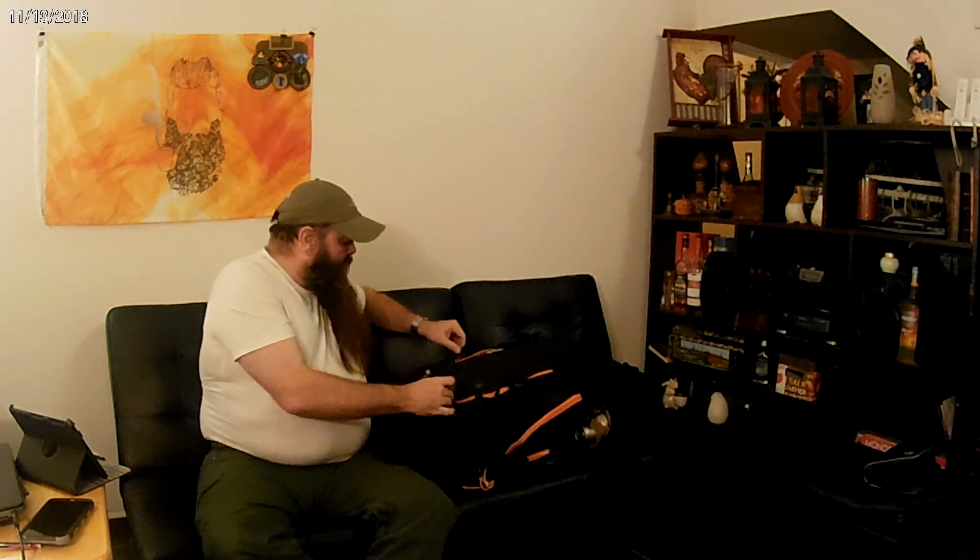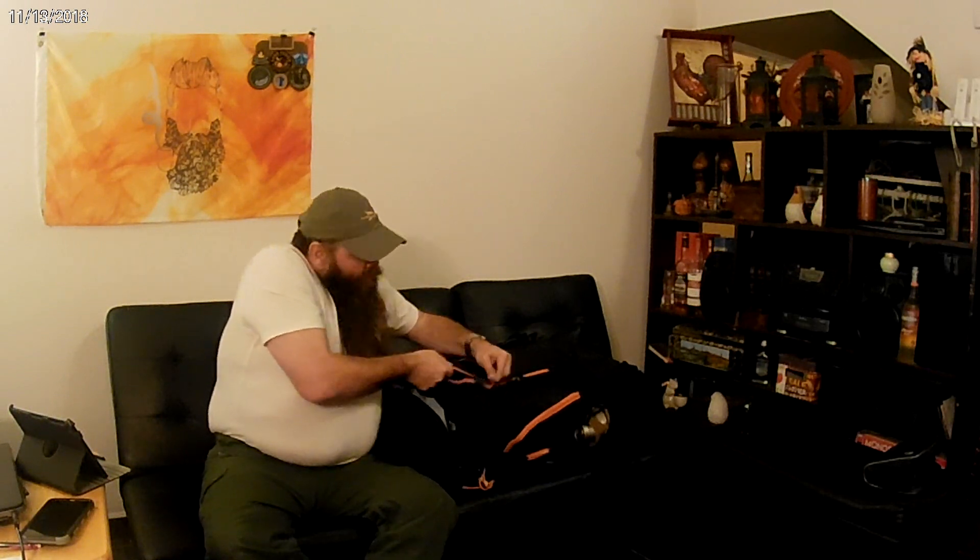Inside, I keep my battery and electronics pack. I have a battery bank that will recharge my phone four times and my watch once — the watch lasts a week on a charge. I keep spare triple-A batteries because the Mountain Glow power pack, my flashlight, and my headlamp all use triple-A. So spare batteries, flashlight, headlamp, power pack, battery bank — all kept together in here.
--
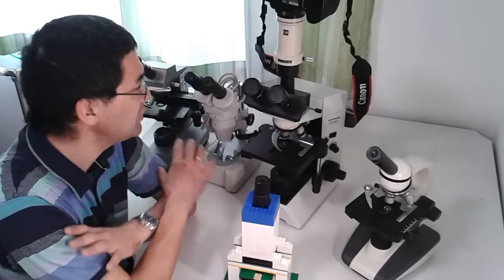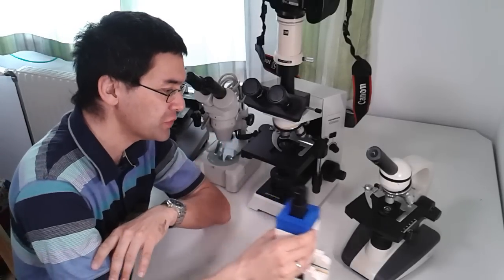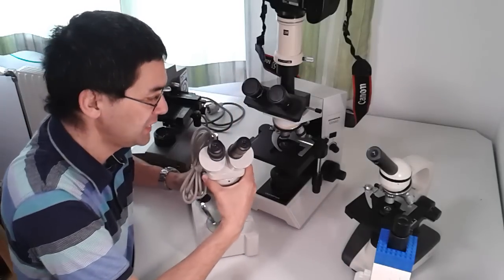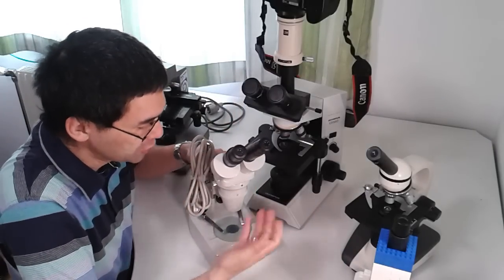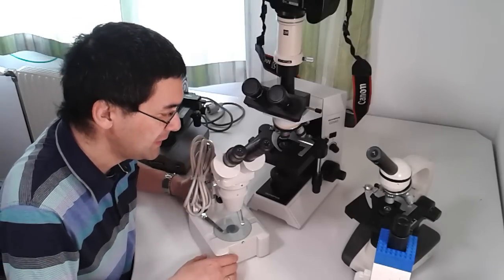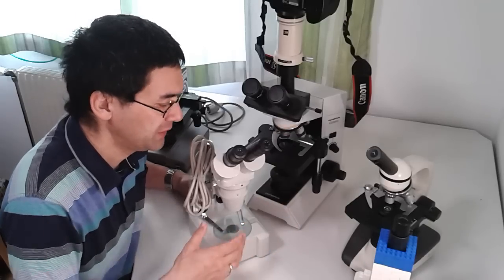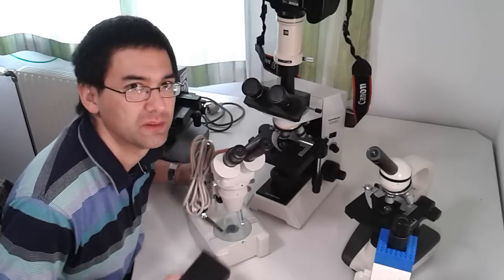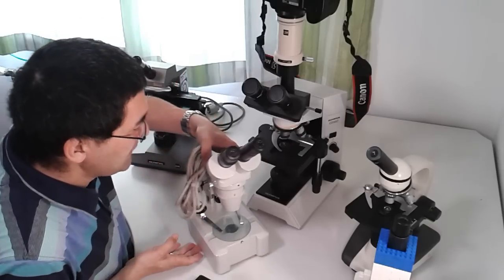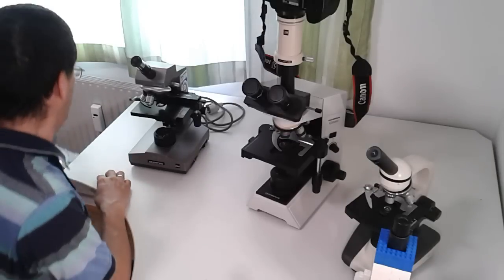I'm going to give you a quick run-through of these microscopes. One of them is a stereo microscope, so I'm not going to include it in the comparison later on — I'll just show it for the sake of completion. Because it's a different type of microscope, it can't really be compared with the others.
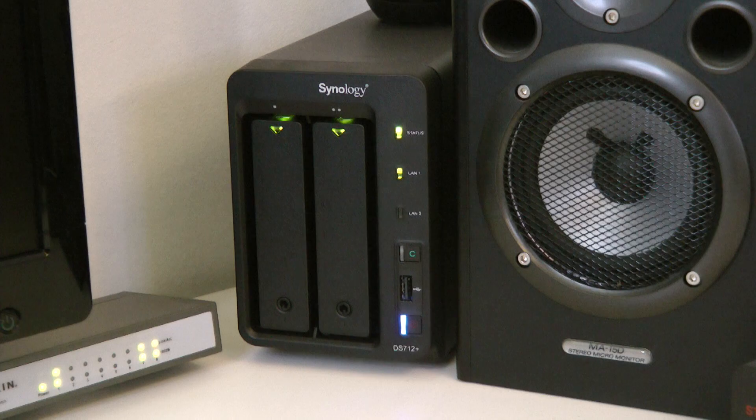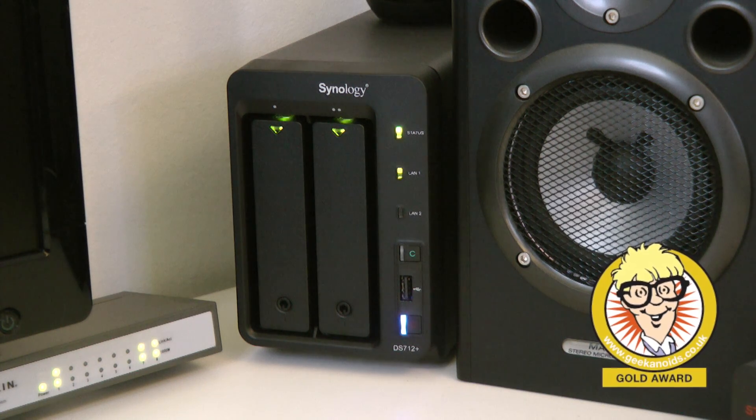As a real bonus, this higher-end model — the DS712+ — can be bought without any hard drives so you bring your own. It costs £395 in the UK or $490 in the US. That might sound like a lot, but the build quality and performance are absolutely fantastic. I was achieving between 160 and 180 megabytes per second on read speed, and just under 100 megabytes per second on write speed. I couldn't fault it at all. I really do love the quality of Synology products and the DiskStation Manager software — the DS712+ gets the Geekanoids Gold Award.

(What you have to do): Lines wanted from the entries above: the one with "I'm going to", the one with "As a real bonus, this", and all lines between. Please copy them exactly, without the pictures and without anything else.

(Problem solution):
I'm going to give you a quick run-through of these microscopes. One of them is a stereo microscope, so I'm not going to include it in the comparison later on — I'll just show it for the sake of completion. Because it's a different type of microscope, it can't really be compared with the others.
As a real bonus, this higher-end model — the DS712+ — can be bought without any hard drives so you bring your own. It costs £395 in the UK or $490 in the US. That might sound like a lot, but the build quality and performance are absolutely fantastic. I was achieving between 160 and 180 megabytes per second on read speed, and just under 100 megabytes per second on write speed. I couldn't fault it at all. I really do love the quality of Synology products and the DiskStation Manager software — the DS712+ gets the Geekanoids Gold Award.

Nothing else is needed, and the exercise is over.